*** Opening LISTED RECORDS ***
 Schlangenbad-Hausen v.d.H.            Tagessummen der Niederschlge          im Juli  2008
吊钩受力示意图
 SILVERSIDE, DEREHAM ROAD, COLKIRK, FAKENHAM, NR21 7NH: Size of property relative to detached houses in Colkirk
*** Closing LISTED RECORDS ***
*** Opening LISTED RECORDS ***
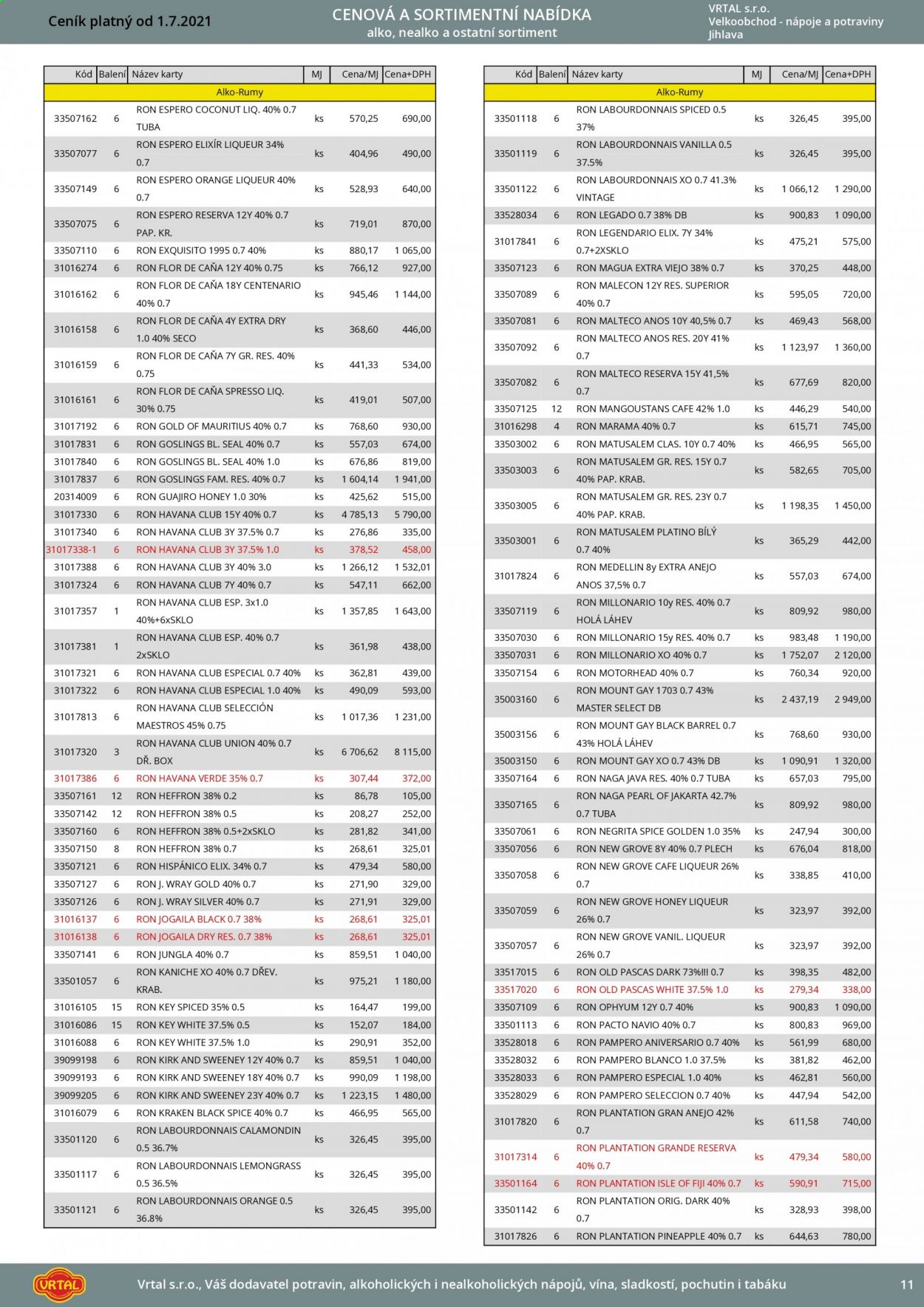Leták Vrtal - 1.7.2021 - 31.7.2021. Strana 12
*** Closing LISTED RECORDS ***
Transcribe each line of the data above, unaltered, from the one where "Tagessummen der Niederschlge" appears to the one where "SILVERSIDE, DEREHAM ROAD, COLKIRK, FAKENHAM, NR21" appears, inclusive of both.

SOLUTION TO THE PROBLEM -
 Schlangenbad-Hausen v.d.H.            Tagessummen der Niederschlge          im Juli  2008
吊钩受力示意图
 SILVERSIDE, DEREHAM ROAD, COLKIRK, FAKENHAM, NR21 7NH: Size of property relative to detached houses in Colkirk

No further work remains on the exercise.